The cold came abruptly.  

In my hubris, I drew on my memories of Scotland.  Walking to the hotel at 4am, mid winter, through 8 inches of snow.  A short 15 minute walk.  From a room with a central heater to a kitchen.  Over the years I’ve embellished my tales of cold Scottish winters as I regaled my friends.  In colourful prose, I alluded to how I walked for hours before dawn with a bow.  Hunting deer and fighting off belligerent packs of feral wolves, as my daily route to work.  Seemingly, my days of fictionalising the truth to those who could only listen, were over.
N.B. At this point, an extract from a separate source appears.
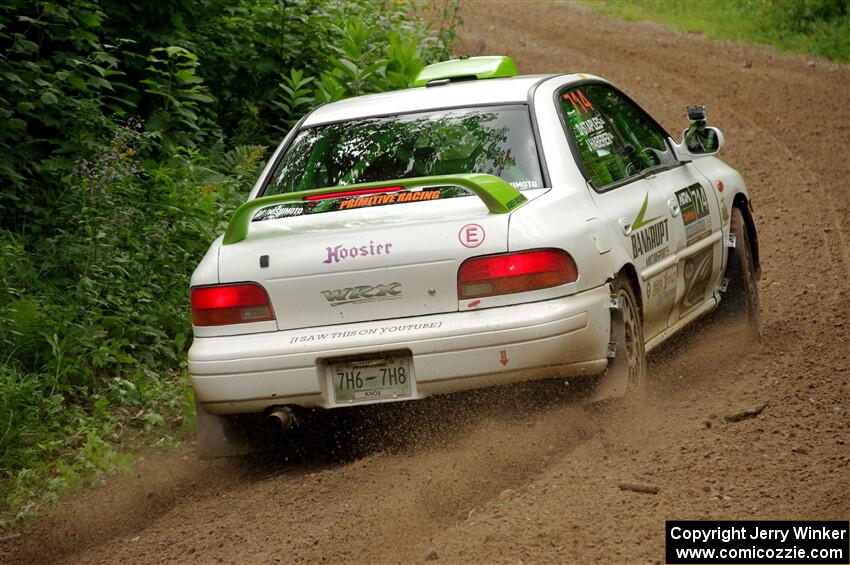 Jordon Haberer / Drew Staples Subaru Impreza on SS1, Crossroads I.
It is hard to describe what spending the winter on your own in the windy Amathole mountains is like.  We inherited a ramshackle wooden house, more akin to a stable, which would eventually become our home.  At the time, I’d wake up in the morning with 4 inches of frost on top of my down duvet, unable to hear my own forlorn cries over the drafts of wind as it howled through the numerous crevasses in the house. The only heat source a fireplace designed, clearly, by a generation of people familiar with burning entire forests on a single evening.  A fireplace with the efficacy, that can only be described as aesthetic.  The flames provided no heat or respite from the cold.  I’d have had better results setting myself on fire in an act of immolation to the gods of winter! 

Nonetheless, those early days were spent cocooned in numerous layers.  My trusty MacBook kept me sane with unlimited episode of Fringe while I tried to come to terms with the gravitas of my decision to come and live out here in the wintery woods of the Amathole Mountains.

After some time, drinking, crying and screaming myself to sleep, I realised that my situation would only improve if action was taken.  My first thoughts leaned toward torching the house!  If only to provide my feeble body with the necessary heat required to see me through the night.  

And so started my journey and the origins of Organic Origins.  

Apart from the aforementioned wooden house, there wasn’t much going on here.  A derelict car park with a shanty tin roof and 2 outbuildings that looked like it had housed 3 generations of crack addicts.  Before we refurbished it a few years later, we had it exorcised and washed with holy water from the Pope’s personal toilet cistern.  That is a story for another time, however.  

But time, as it does, went by and work was done.  Tears were shed in frustration.  Profanities were hurled in every direction along with knives and emptied whiskey bottles.  It was during these days that I sanctioned my neighbours to call me by name.  My days of Patron and Chef were over.    Large helpings (and seconds) of humble pie were consumed.  I now had but one way forward.  To assimilate with these bumpkins and rely on their aid.  Nature has a way of kicking your ass until you come around.

Were it not for Dayle’s timely return, my mind or what remains of it, would have been entirely lost.